Nachdem Haslinger Tangerine Dream 1990 verlassen hatte, ging er nach L.A., um dort als Filmkomponist Fuß zu fassen. Um seine Fertigkeiten zu perfektionieren, setzte er seine bereits zuvor begonnene Mitarbeit für Graeme Revell fort, etwa für „Pitch Black”, „Red Planet” und „Lara Croft: Tomb Raider”.

2000 produzierte er seine erste Filmmusik im Alleingang: „Cheaters” (Die Mogler), Regie John Stockwell. Seitdem komponierte er regelmäßig für Stockwell-Filme, etwa „Blue Crush” und „Into The Blue”. 2003 landete er mit der Filmmusik zu Len Wisemans „Underworld” seinen bislang größten Erfolg als Filmkomponist, was ihm u. a. den Auftrag für den Score zum Computerspiel „Far Cry Instincts” einbrachte.

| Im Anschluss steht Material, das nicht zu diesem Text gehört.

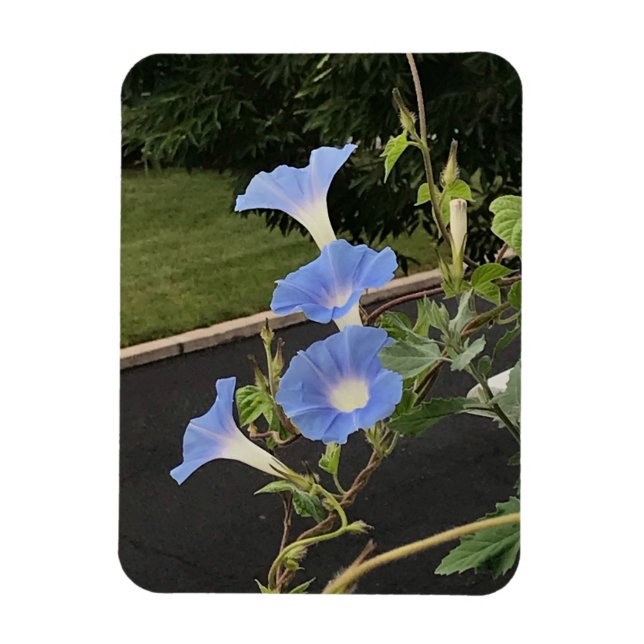 Magnet Flexible Glorieuse Cascade Bleue (Vertical)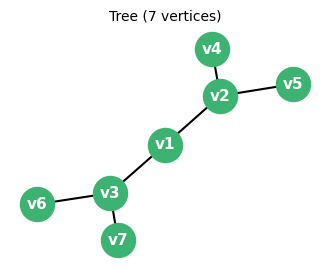 A tree with 7 vertices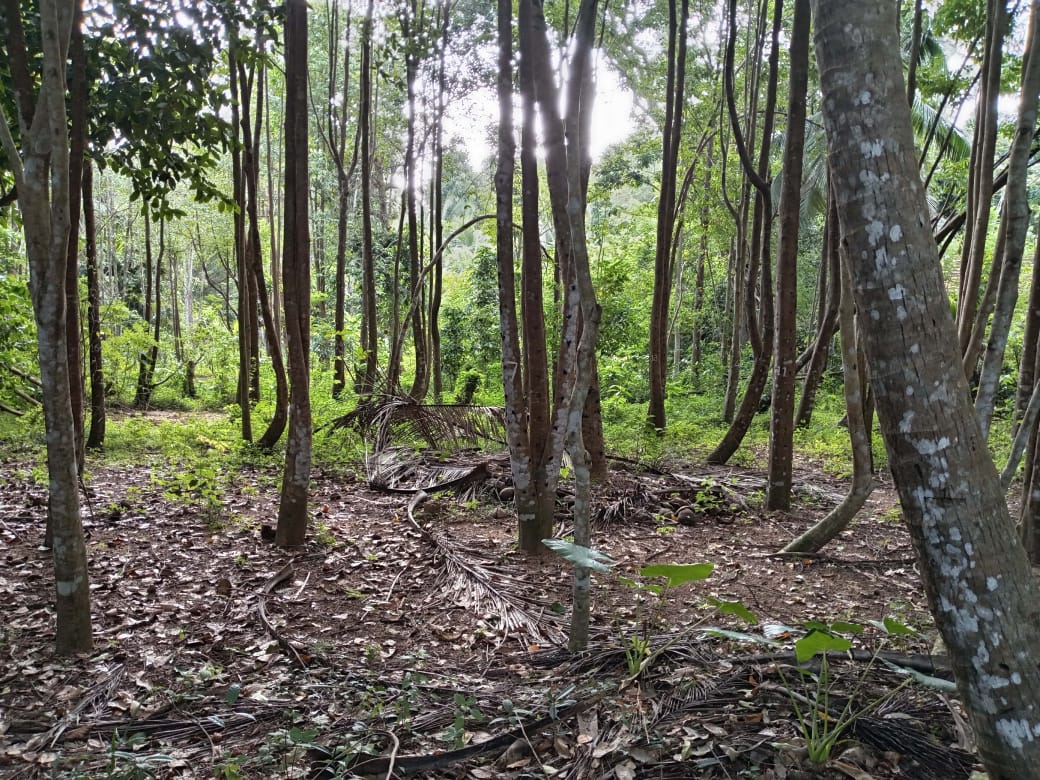 “Land for sale in galle (With Agarwood plantation,1.5km to Southern Expressway)”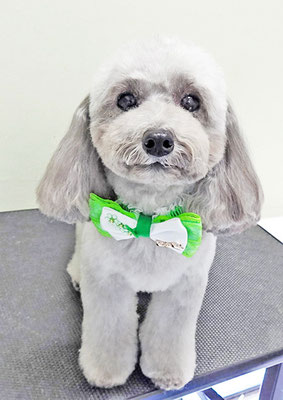 田中ロビンちゃん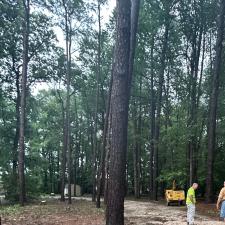 Front-Yard-Cleared-Out-Storm-Damage-in-Denton-MD 1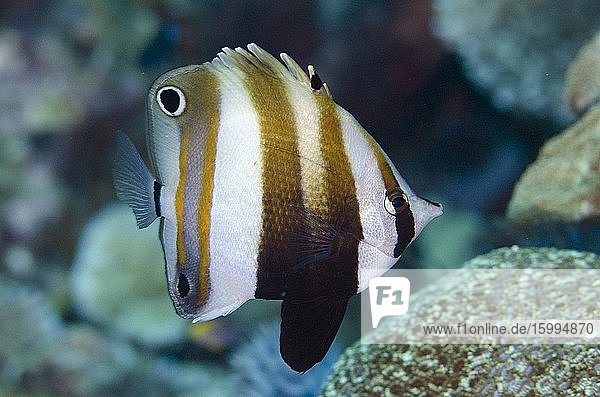 Two-eyed Coralfish (Coradion melanopus) Pulau Molana dive site near Ambon Maluku Indonesia Banda Sea.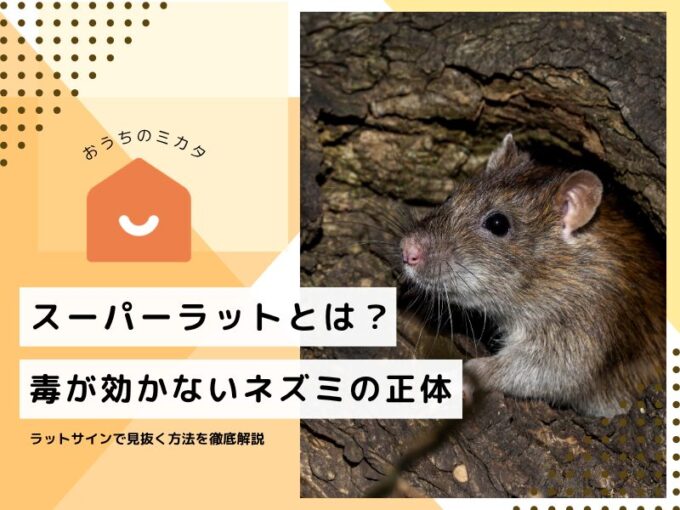 スーパーラットとは？毒が効かないネズミの正体とラットサインで見抜く方法を徹底解説
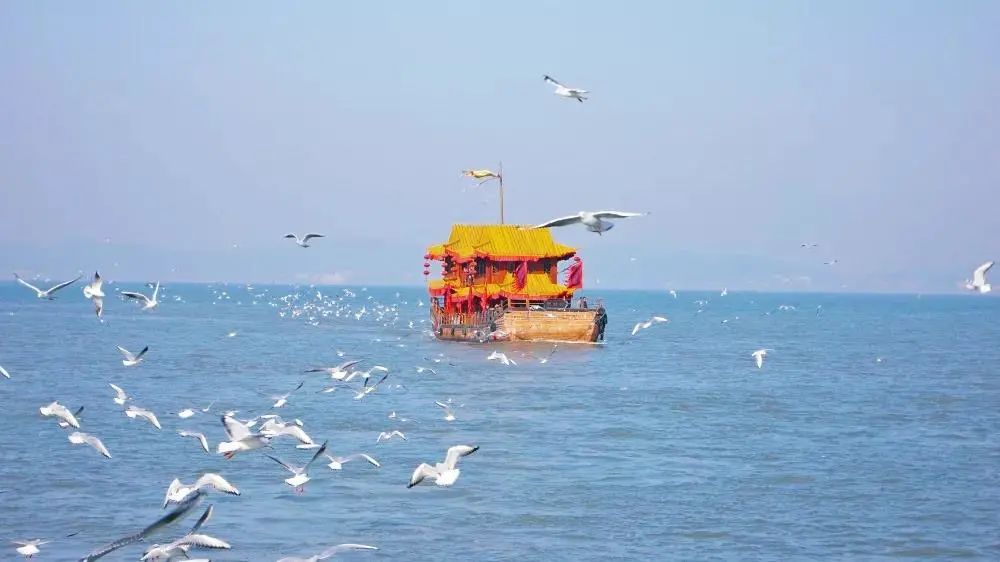 @所有人，三城年卡史上最低价！单人、亲子、家庭通通都有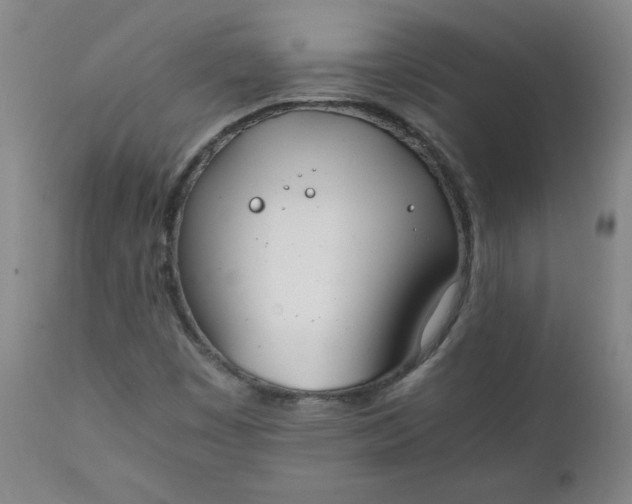 X0000111431449200907271054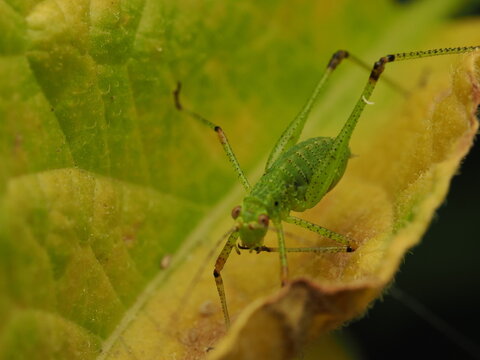 Macro fotogr&aacute;fico de una ninfa de saltamontes verde (Tettigoniidae) sobre hojas. Detalle n&iacute;tido de la naturaleza y fauna silvestre.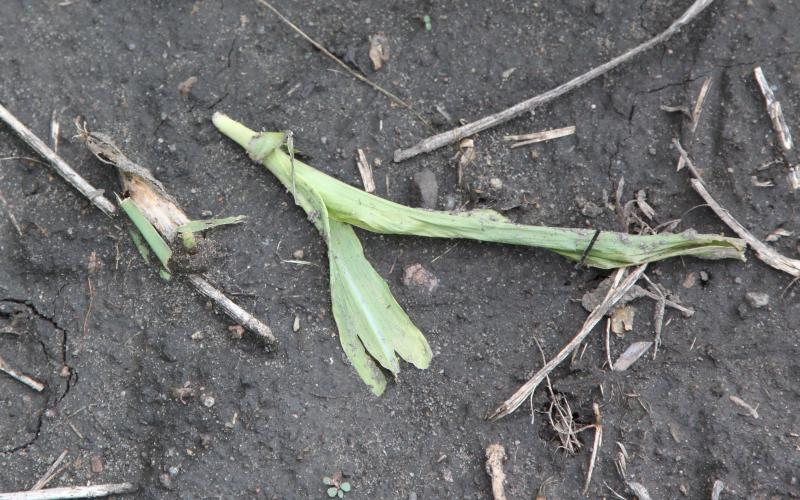 A small green corn plant that has been cut and is laying on the ground.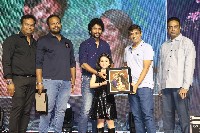 Hi Nanna Movie Success Celebrations Photos
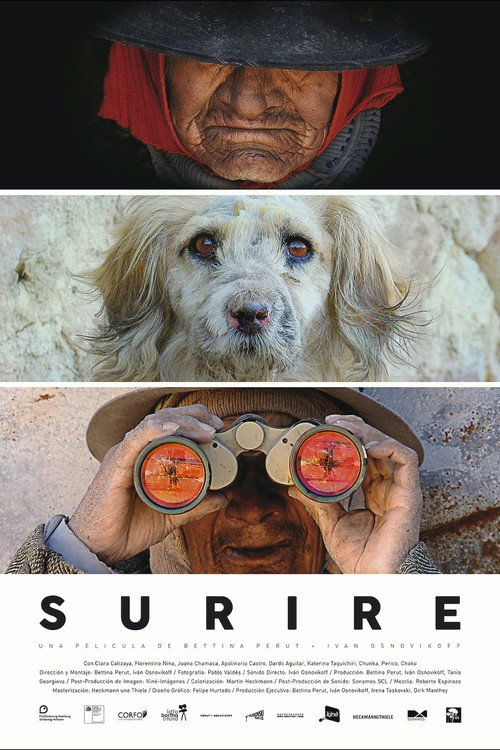 Surire (2015) movie poster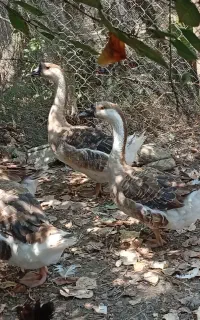 قوغاز سالم سرحال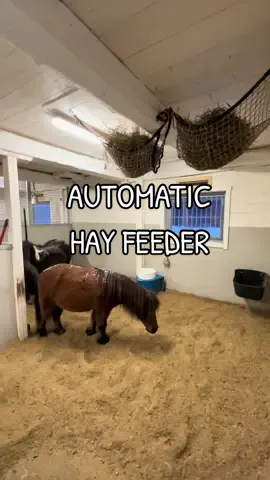 Extra meal at 24.00 🐴🐴 How smart?  . . . #miniaturehorse #horses #horselover #horsetrainer #equestrian #horsesoftiktok #equestrianlife #equestriangirl 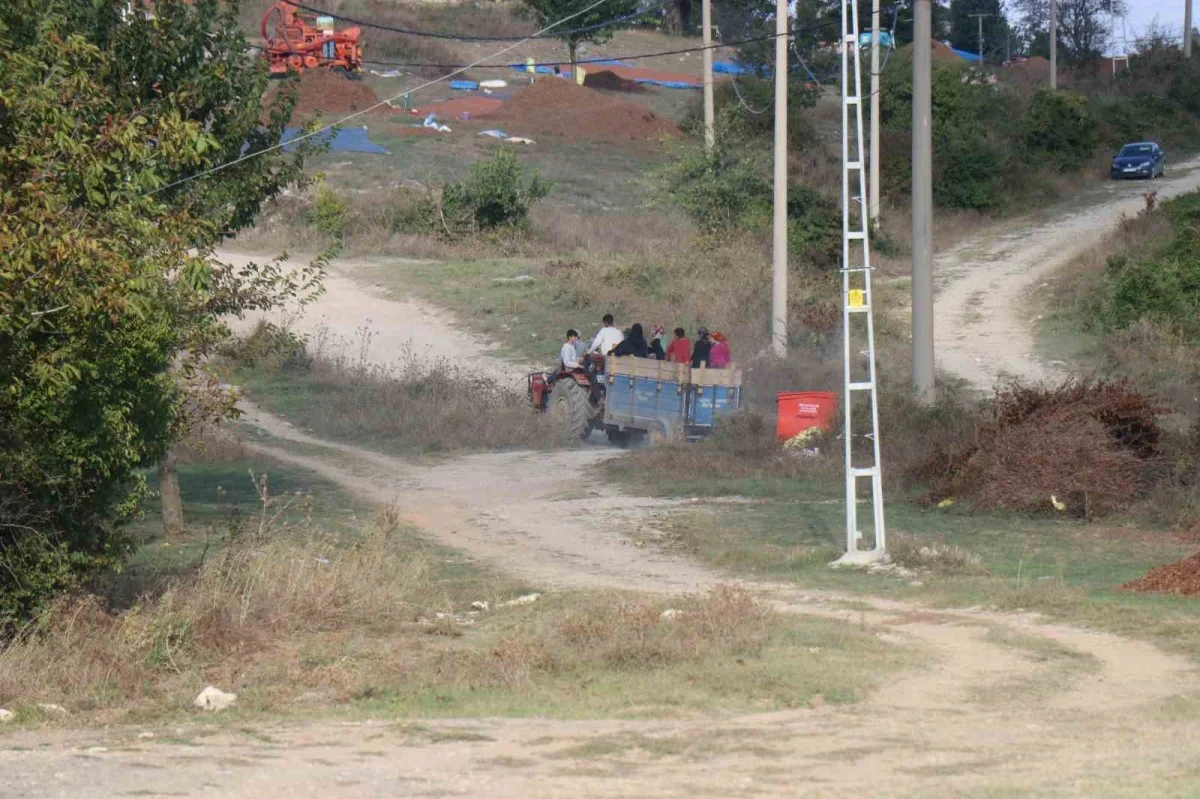 Paralı köyü fındık kooperatifi Sakarya Çikolatası'nı ihraç etti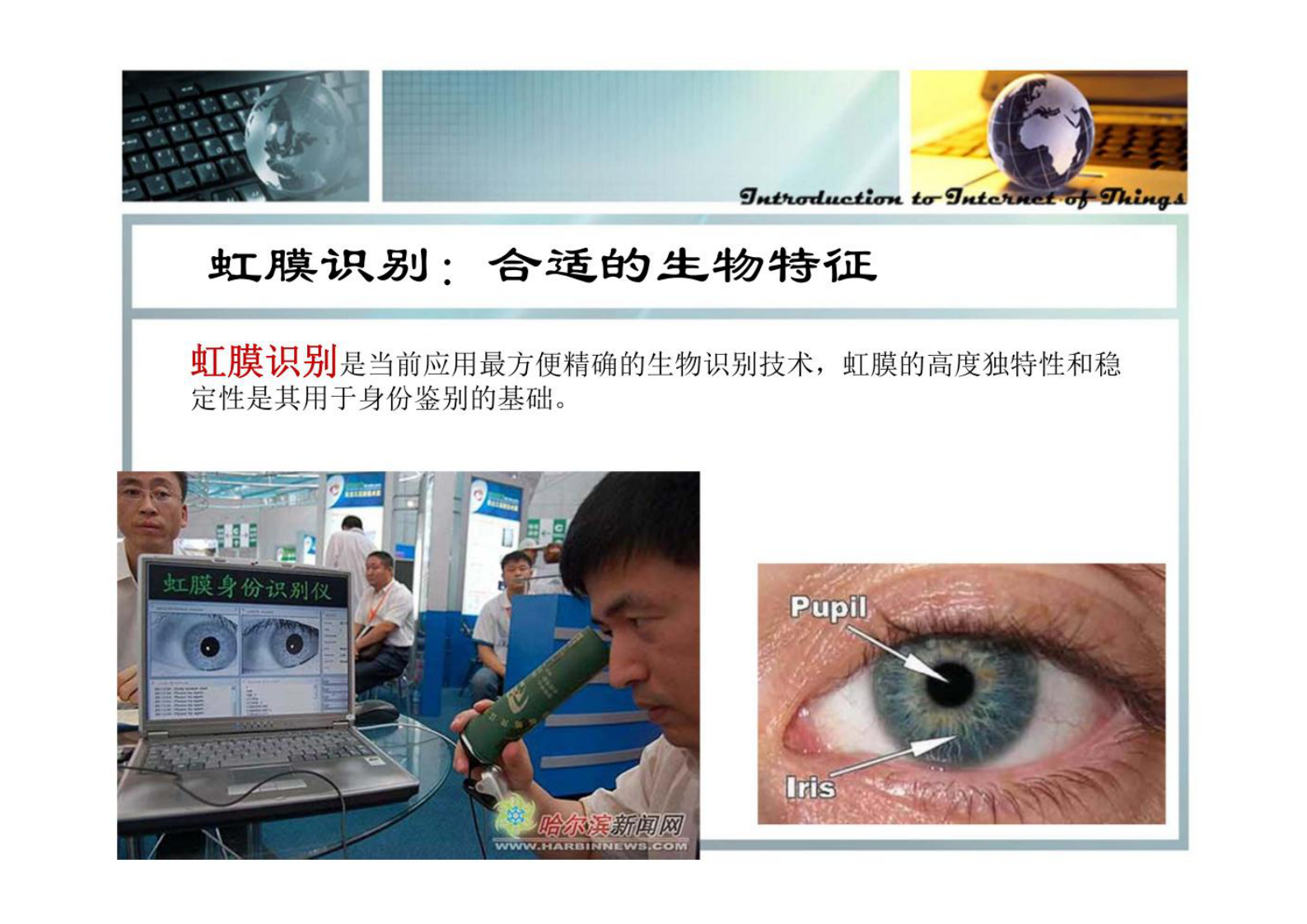 自动识别技术与RFID 第5页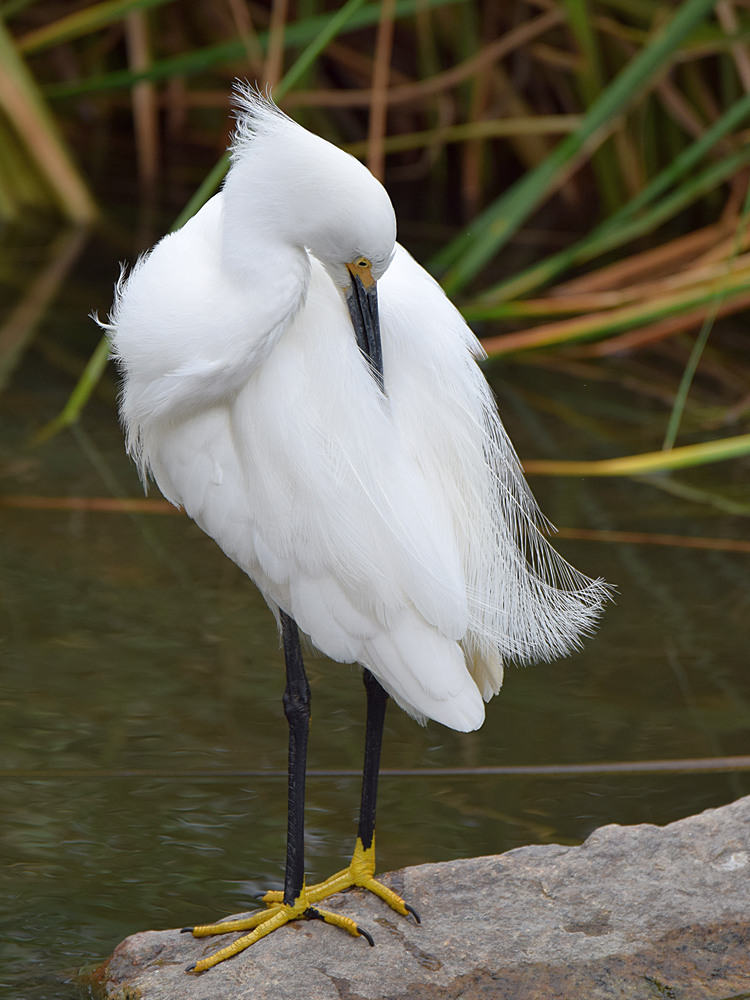 Egret.jpg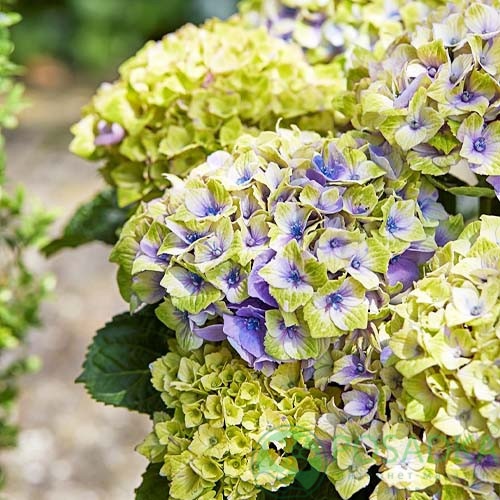 картинка Гортензия крупнолистная Magical Jewel blue 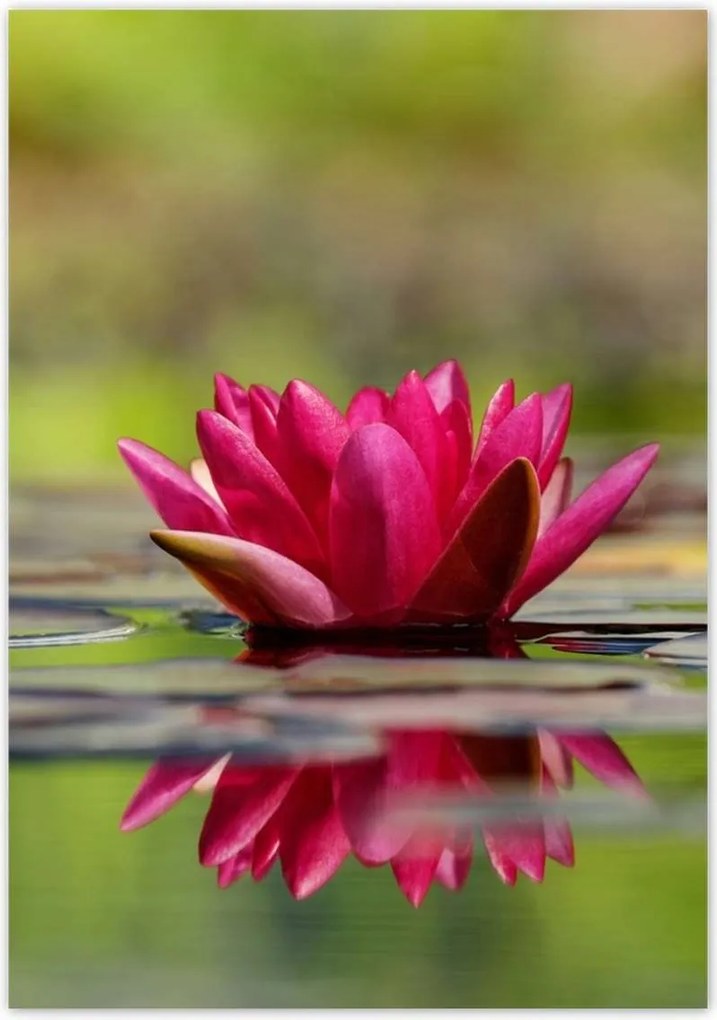 Poszterek 70x100 Vízi liliom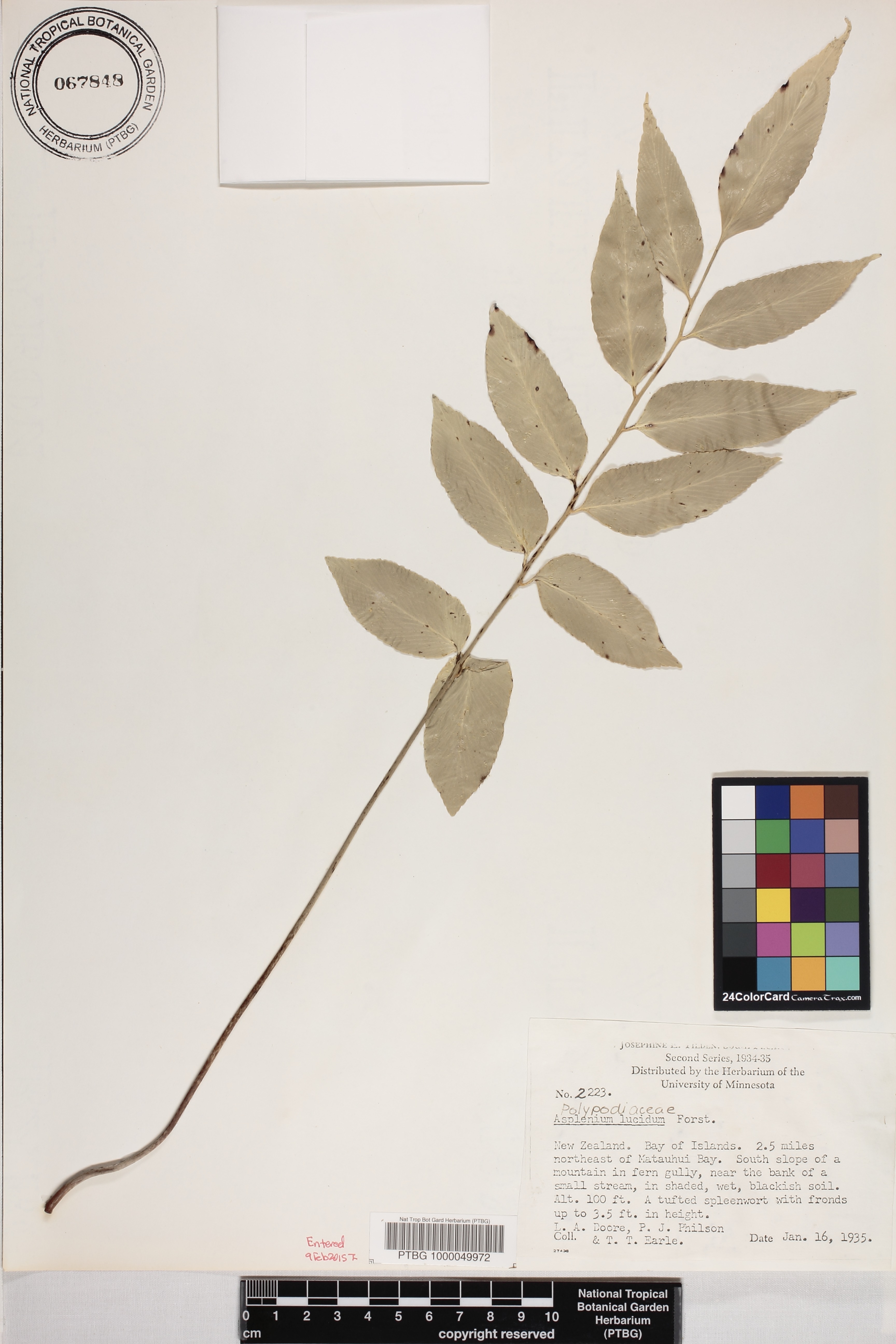 Asplenium lucidum image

Gerade hat Haslinger seine Arbeiten an „Sleeper Cell” (2005) abgeschlossen, einer von der Kritik bejubelten TV-Serie, die bereits für den Golden Globe nominiert wurde. Sein nächstes großes Projekt ist die Filmmusik für John Stockwells neuen Film „Turistas”, der voraussichtlich noch in diesem Jahr in die Kinos kommen wird.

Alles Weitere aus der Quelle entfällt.